Headline.co.id, Jakarta ~ Menteri Agama Nasaruddin Umar bersama Menteri Pemberdayaan Perempuan dan Perlindungan Anak (PPPA) Arifah Fauzi menekankan pentingnya kolaborasi lintas sektor untuk menciptakan ekosistem pendidikan yang aman, nyaman, dan ramah anak dalam Dialog Nasional Hari Pendidikan Nasional (Hardiknas) 2026. Kedua menteri tersebut menegaskan bahwa pendidikan harus tidak hanya berfokus pada capaian akademik, tetapi juga pada pembentukan karakter, perlindungan anak, dan kesehatan mental generasi muda menuju Indonesia Emas 2045.
Menteri Agama Nasaruddin Umar menyoroti pentingnya pendekatan kultural dan kasih sayang dalam pendidikan. Ia berbagi pengalaman saat berada di Amerika Serikat, di mana sekolah melarang orang tua mengambil masa kanak-kanak anak dengan jadwal belajar yang terlalu padat, terutama pada hari libur. Menurutnya, anak membutuhkan ruang tumbuh yang sehat, seimbang, dan penuh kasih sayang agar perkembangan psikologisnya berjalan optimal.

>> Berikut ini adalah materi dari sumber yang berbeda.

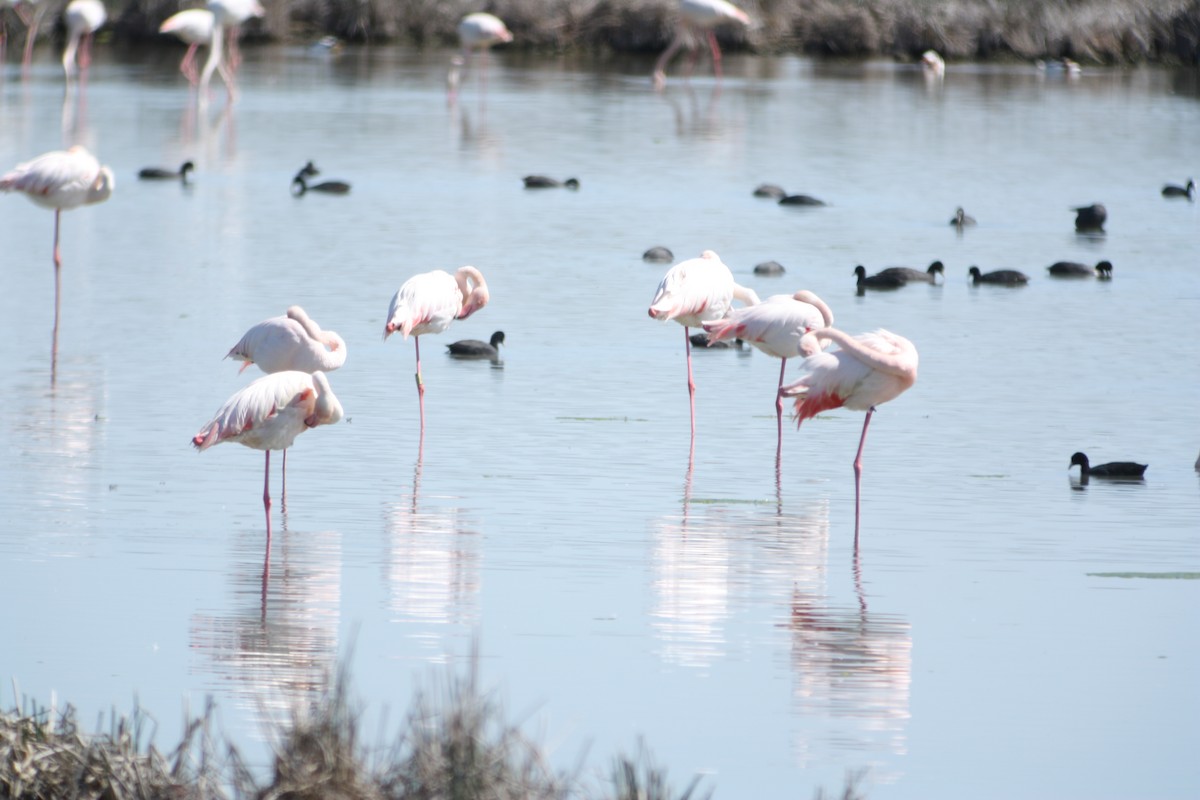 Greater Flamingo - ML518150511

“Pendidikan karakter harus dimulai bahkan sebelum anak lahir. Tahapan perkembangan psikologis anak juga harus dipahami dengan baik, termasuk pentingnya kehadiran figur ayah dan ibu secara seimbang dalam mendampingi anak,” ujar Nasaruddin Umar, yang dikutip di Jakarta, Jumat (8/5/2026). Ia juga menyoroti persoalan kekerasan di lembaga pendidikan yang dinilai tidak cukup diselesaikan hanya dengan regulasi formal. Menurutnya, masih adanya relasi kuasa yang timpang pendidik dan peserta didik menjadi salah satu faktor utama yang harus dibenahi.
Dalam kesempatan itu, Nasaruddin memperkenalkan konsep Kurikulum Berbasis Cinta (KBC) yang mengedepankan lima pilar utama, yakni cinta kepada Tuhan, ilmu pengetahuan, diri sendiri, lingkungan, dan tanah air. Ia menjelaskan, kurikulum tersebut diharapkan mampu membangun harmoni sosial sekaligus menumbuhkan kepedulian terhadap lingkungan melalui pendekatan ekoteologi.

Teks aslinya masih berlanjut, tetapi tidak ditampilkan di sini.